This comes less than three months after a neo-Klan mob smashed their way into the U.S. Capitol, injuring many and even killing a cop, with the express purpose of overturning the votes by millions of people of color. They were all allowed to leave town unmolested and only a fraction of those have been arrested, mostly on minor charges.

Lawsuits Filed Against Trump and Neo-Klan Groups Using Reconstruction’s Anti-Klan Law

March 7, 2021 fwstaff 

Lawsuits filed against Trump and neo-Klan groups using Reconstruction’s anti-Klan Law – Fighting Words (fighting-words.net)

Mass mobilizations along with legal action can stop the fascists.

By Chris Fry

On November 20, 2020, the Detroit NAACP filed a lawsuit in Washington District Court on behalf of the Michigan Welfare Rights Organization against the Michigan Trump Campaign. Utilizing the 1871 Ku Klux Klan Act, which the suit says enables the enforcement of the 1965 Voting Rights Act, it says that Trump attempted to coerce Michigan election officials to disregard the votes of and thus disenfranchise the Black Detroit voters in the 2020 election. The suit states:

To effectuate this strategy, Defendants are openly seeking to disenfranchise Black voters, including voters in Detroit, Michigan. Repeating false claims of voter fraud, which have been thoroughly debunked, Defendants are pressuring state and local officials in Michigan not to count votes from Wayne County, Michigan (where Detroit is the county seat), and thereby disenfranchise hundreds of thousands of voters. Defendants’ tactics repeat the worst abuses in our nation’s history, as Black Americans were denied a voice in American democracy for most of the first two centuries of the Republic.

On February 16th the NAACP filed an historic federal lawsuit against Donald Trump, Rudy Giuliani and the neo-Klan groups the Proud Boys and Oath Keepers, accusing them of:

“conspiring to incite a violent riot at the U.S. Capitol on January 6th, with the goal of preventing Congress from certifying the 2020 presidential election. The lawsuit alleges that, by preventing Congress from carrying out its official duties, Trump, Giuliani, and the hate groups directly violated the 1871 Ku Klux Klan Act.”

The suit was filed on behalf of Mississippi Congressman Bennie Thompson, who is African American.

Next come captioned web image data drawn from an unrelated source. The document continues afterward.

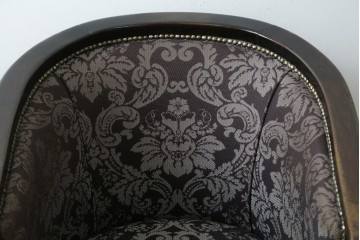 イギリスアンティーク　美品　オーク材　上品なダマスク柄のラウンジチェア　(R-083603)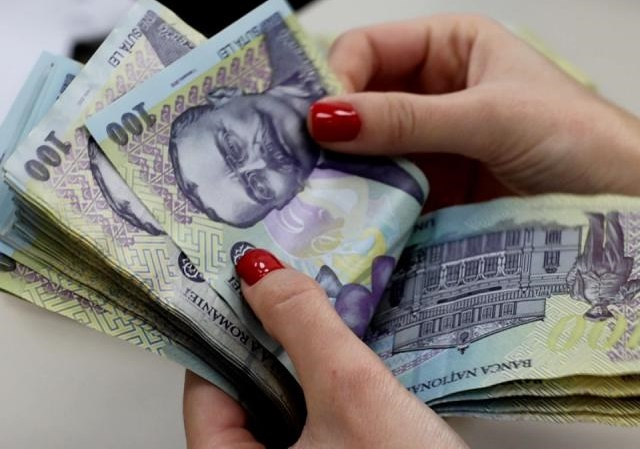 Rate mai mari la credite, până în luna august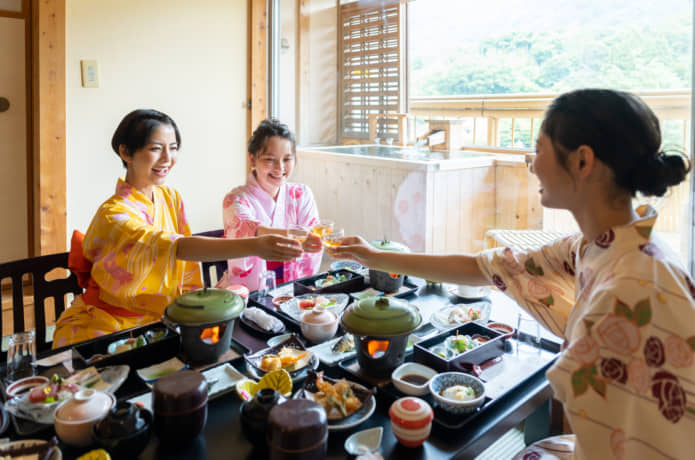 温泉宿に女子旅で来たグループの写真
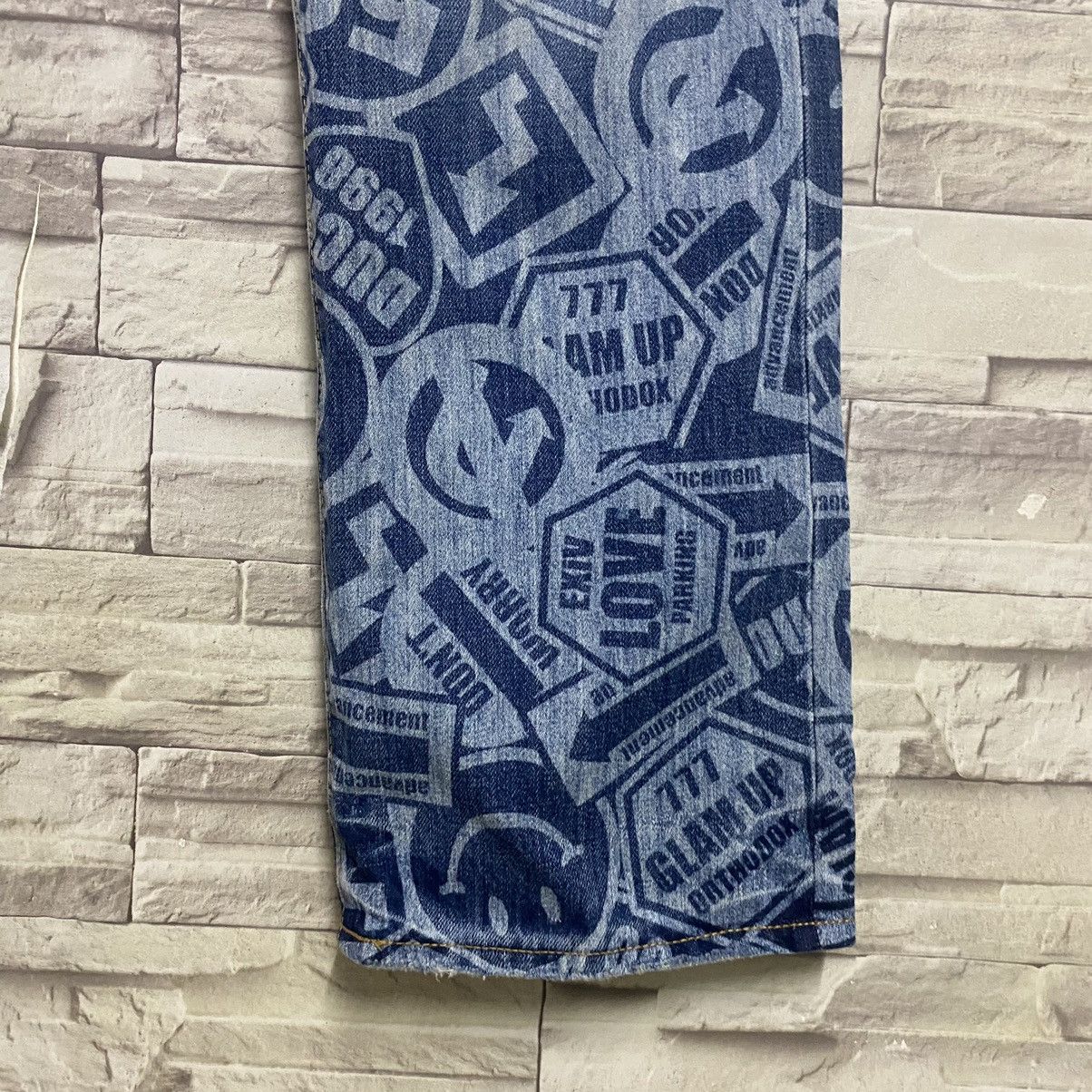 Hysteric Glamour Japanese Brand Co&lu Smiley Full Print Denim Jeans Size US 30 / EU 46 - 9 Thumbnail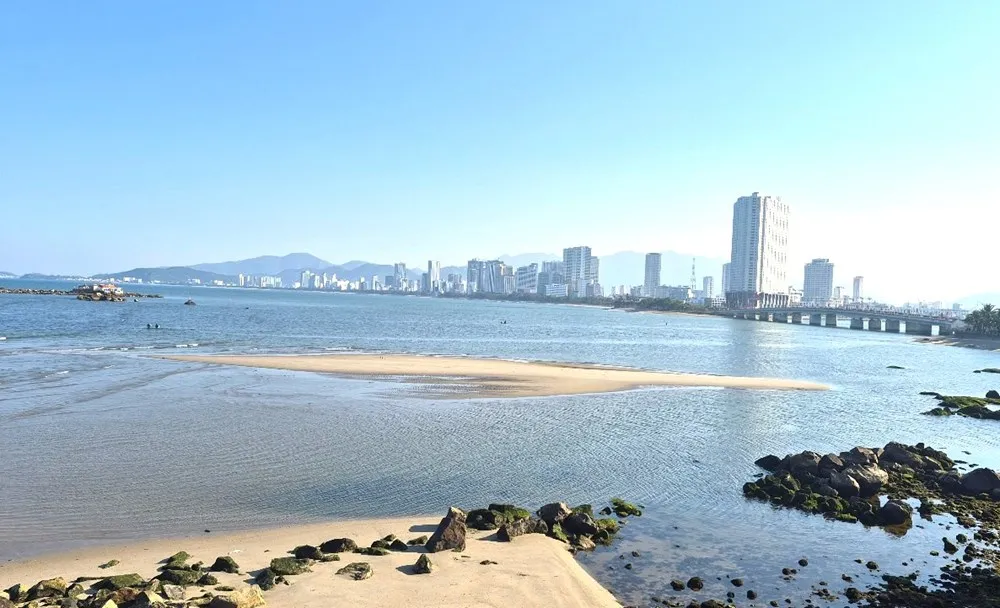 &ldquo;Đảo c&aacute;t&rdquo; trắng bất ngờ xuất hiện giữa vịnh Nha Trang sau mưa lũ- Ảnh 1.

Derrick Johnson. President and CEO of the NAACP, made it clear that there is an absolute parallel between the Klan outrages of 1870 and 1871 designed to prevent Black freedmen from voting and the Trumpist insurrection at the Capitol on January 6th:

Donald Trump needs to be held accountable for deliberately inciting and colluding with white supremacists to stage a coup, in his continuing efforts to disenfranchise African-American voters. The insurrection was the culmination of a carefully orchestrated, months-long plan to destroy democracy, to block the results of a fair and democratic election, and to disenfranchise hundreds of thousands of African-American voters who cast valid ballots.

Janette McCarthy Wallace, interim general counsel of the N.A.A.C.P., said:

“Underlying this insurrection were the actions of folks who were challenging the voices of people of color. If you look at whose votes were being challenged, these came from largely urban areas. The votes of people of color were being challenged.”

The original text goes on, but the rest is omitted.